**What the exercise asks:** Among the entries below, copy only the span from the line containing "Adaptive Corporate Culture" through the line containing "Schrik niet! –". Do so exactly, and skip the pictures.
··· The data
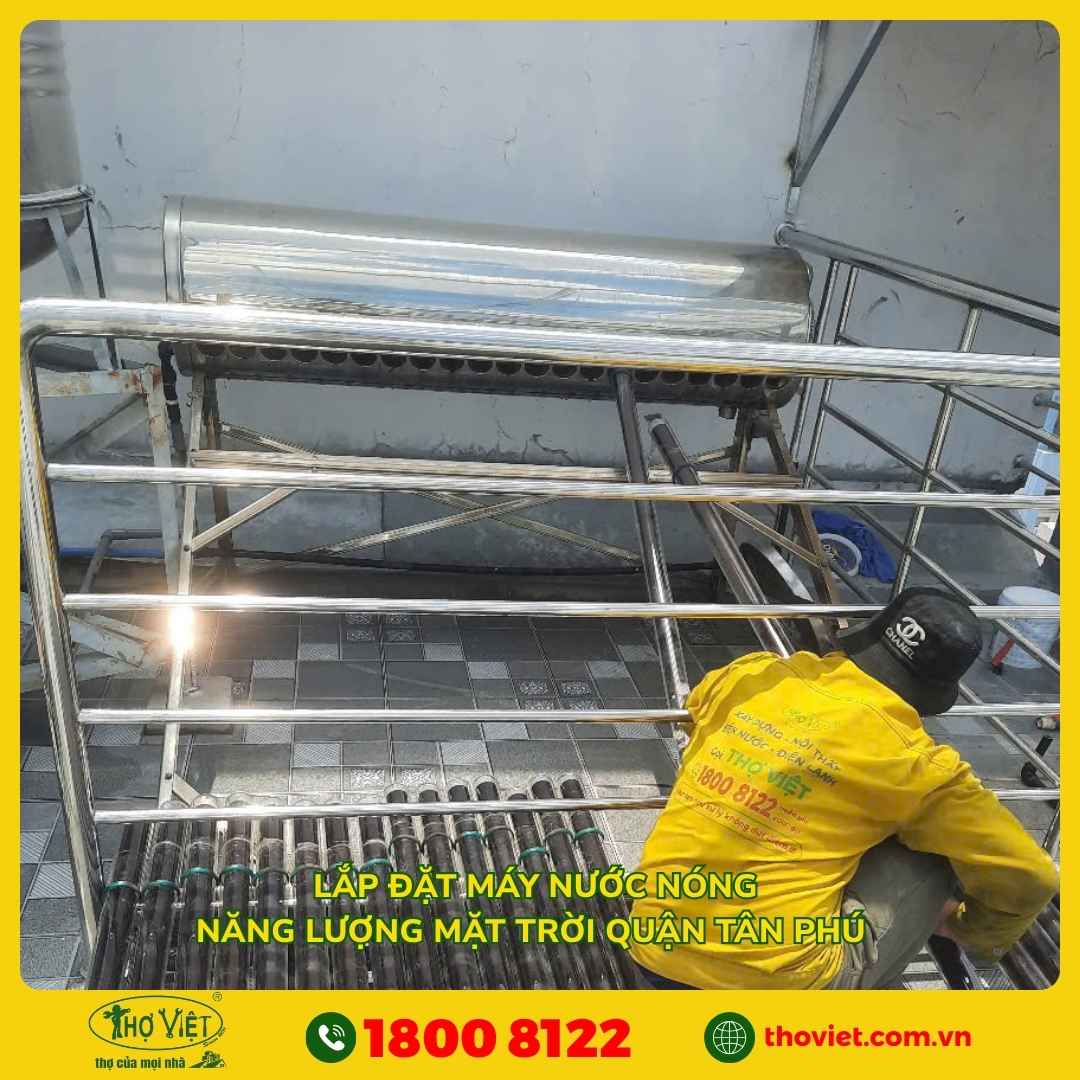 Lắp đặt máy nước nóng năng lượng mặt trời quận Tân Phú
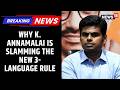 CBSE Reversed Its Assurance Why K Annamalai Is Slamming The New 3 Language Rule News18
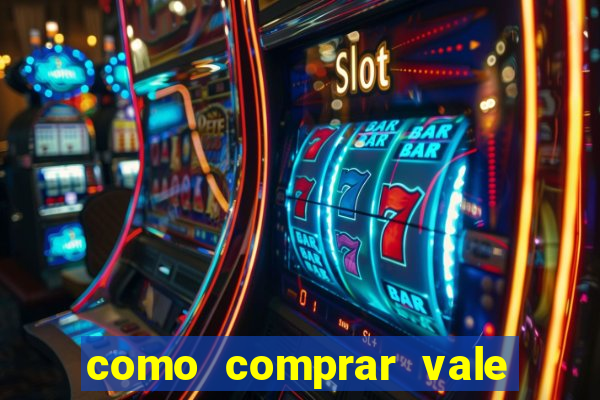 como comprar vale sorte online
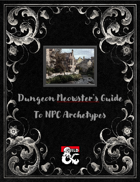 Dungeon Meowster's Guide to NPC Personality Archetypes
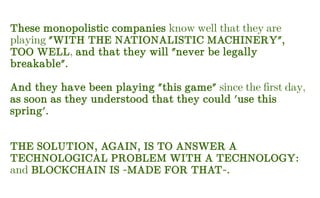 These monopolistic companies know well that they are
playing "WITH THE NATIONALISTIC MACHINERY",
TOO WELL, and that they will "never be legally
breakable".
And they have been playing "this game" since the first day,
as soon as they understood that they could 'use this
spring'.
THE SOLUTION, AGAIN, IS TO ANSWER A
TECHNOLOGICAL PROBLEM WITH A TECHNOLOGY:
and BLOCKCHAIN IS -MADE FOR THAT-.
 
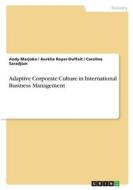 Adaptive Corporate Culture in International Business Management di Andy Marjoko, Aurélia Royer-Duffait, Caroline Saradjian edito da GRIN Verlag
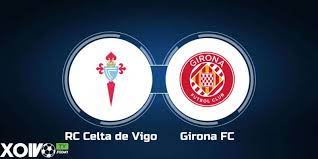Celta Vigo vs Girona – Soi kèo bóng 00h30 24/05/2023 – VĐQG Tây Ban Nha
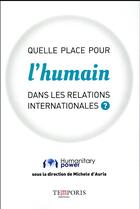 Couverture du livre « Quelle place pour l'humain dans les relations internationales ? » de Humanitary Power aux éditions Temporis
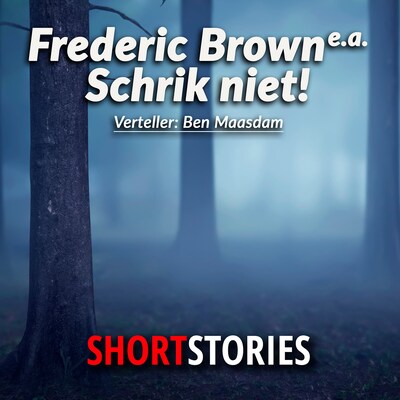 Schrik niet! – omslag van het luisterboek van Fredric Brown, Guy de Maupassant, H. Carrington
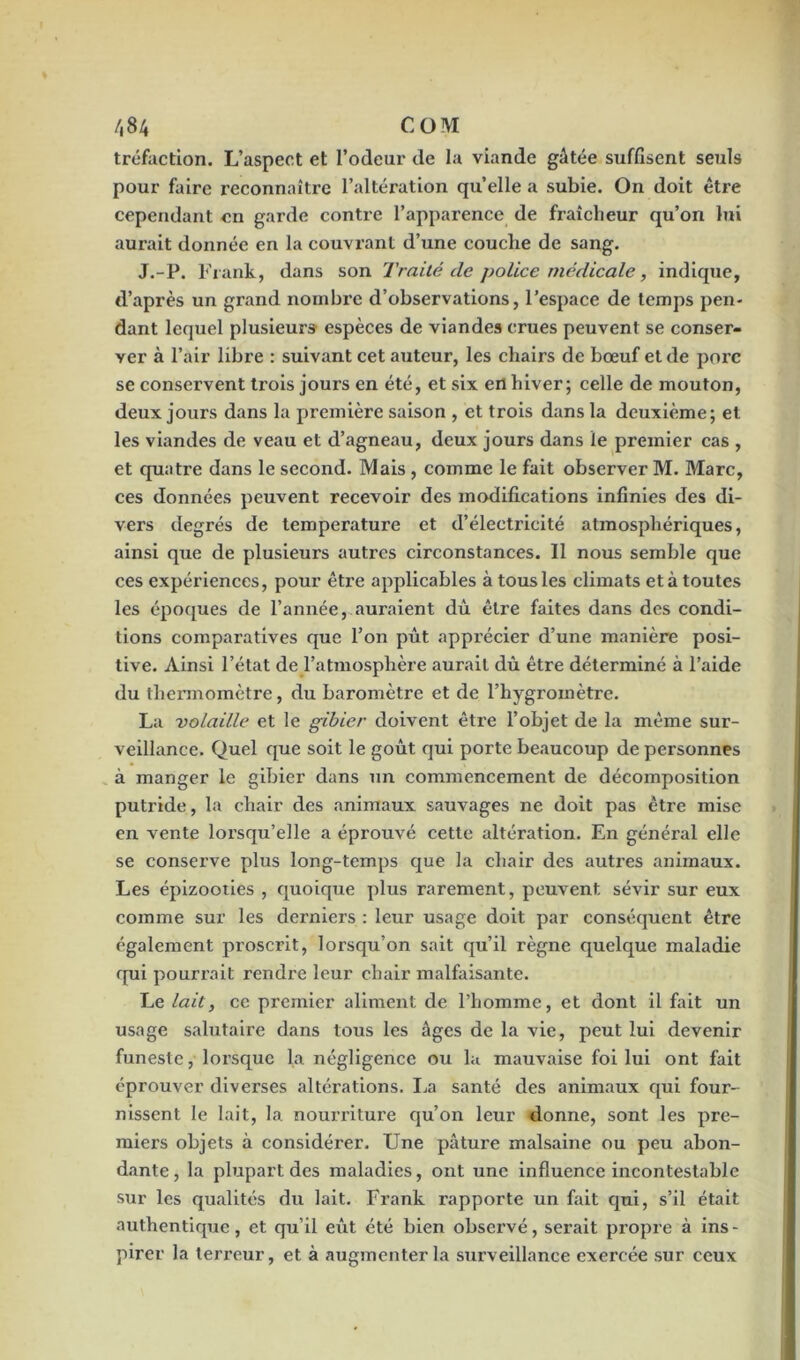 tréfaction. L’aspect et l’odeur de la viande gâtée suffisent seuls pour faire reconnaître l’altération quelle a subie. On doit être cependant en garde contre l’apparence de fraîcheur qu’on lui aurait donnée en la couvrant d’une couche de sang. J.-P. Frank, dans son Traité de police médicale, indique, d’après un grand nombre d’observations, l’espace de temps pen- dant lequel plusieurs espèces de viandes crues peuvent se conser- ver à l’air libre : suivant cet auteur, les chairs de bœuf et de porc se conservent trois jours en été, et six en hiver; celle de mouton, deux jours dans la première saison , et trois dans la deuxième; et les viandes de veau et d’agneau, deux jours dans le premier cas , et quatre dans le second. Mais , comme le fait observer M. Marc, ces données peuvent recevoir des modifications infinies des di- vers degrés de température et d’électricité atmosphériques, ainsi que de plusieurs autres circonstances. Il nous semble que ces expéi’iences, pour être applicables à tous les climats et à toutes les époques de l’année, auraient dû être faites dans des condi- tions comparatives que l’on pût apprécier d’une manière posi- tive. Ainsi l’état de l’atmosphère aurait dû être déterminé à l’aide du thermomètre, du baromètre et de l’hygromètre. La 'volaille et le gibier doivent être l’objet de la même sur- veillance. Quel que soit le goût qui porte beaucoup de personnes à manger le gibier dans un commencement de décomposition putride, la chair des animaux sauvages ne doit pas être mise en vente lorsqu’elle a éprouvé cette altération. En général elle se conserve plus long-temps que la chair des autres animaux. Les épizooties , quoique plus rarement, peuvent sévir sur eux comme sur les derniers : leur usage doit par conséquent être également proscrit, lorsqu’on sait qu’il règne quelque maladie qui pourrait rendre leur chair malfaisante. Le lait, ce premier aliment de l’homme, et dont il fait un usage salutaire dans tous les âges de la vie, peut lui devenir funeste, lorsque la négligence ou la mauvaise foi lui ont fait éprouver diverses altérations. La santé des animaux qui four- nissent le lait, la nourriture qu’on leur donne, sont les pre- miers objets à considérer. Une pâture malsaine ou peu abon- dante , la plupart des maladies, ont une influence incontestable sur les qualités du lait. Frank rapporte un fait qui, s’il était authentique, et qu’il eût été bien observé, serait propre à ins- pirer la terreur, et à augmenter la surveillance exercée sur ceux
······
··· The data
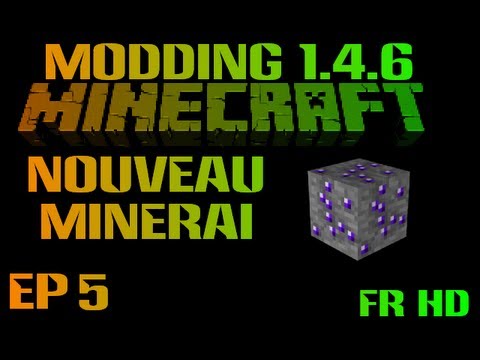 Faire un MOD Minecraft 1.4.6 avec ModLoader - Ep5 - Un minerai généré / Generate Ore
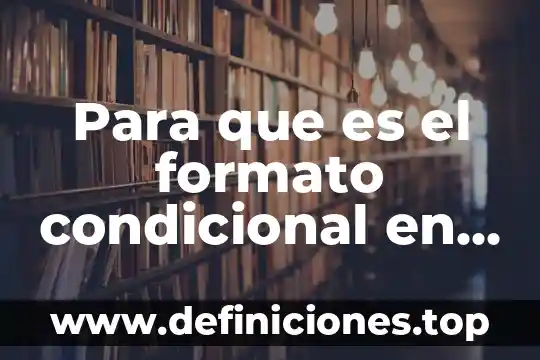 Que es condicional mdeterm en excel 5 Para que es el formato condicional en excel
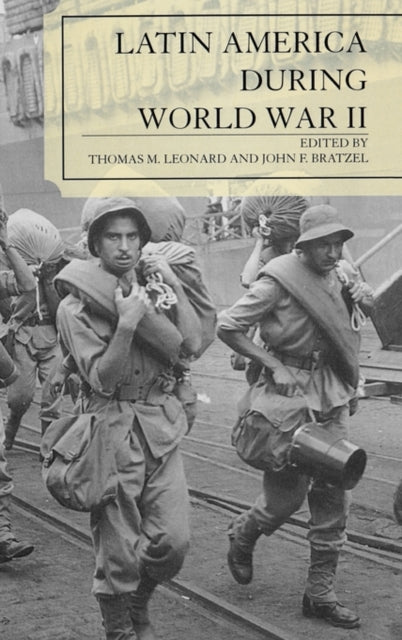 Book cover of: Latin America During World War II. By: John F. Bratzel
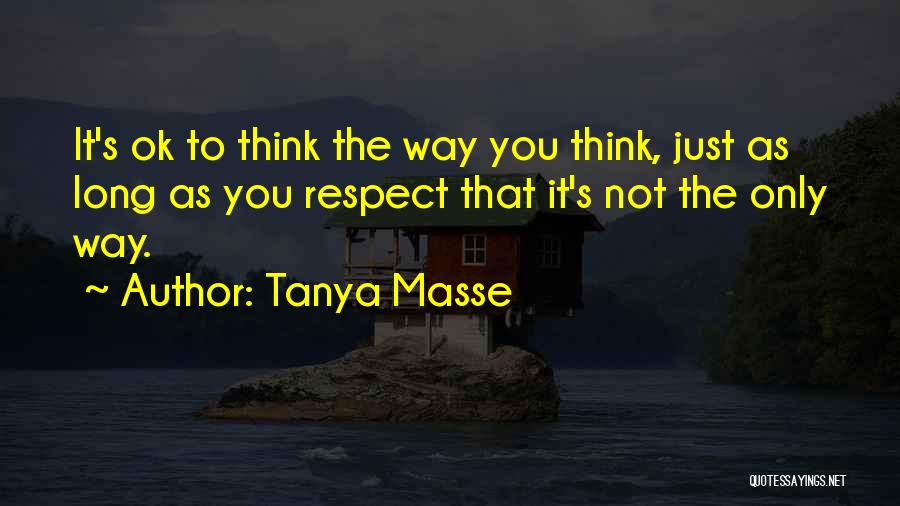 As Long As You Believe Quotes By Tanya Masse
······
**Output below:**
 Adaptive Corporate Culture in International Business Management di Andy Marjoko, Aurélia Royer-Duffait, Caroline Saradjian edito da GRIN Verlag
Celta Vigo vs Girona – Soi kèo bóng 00h30 24/05/2023 – VĐQG Tây Ban Nha
 Couverture du livre « Quelle place pour l'humain dans les relations internationales ? » de Humanitary Power aux éditions Temporis
 Schrik niet! – omslag van het luisterboek van Fredric Brown, Guy de Maupassant, H. Carrington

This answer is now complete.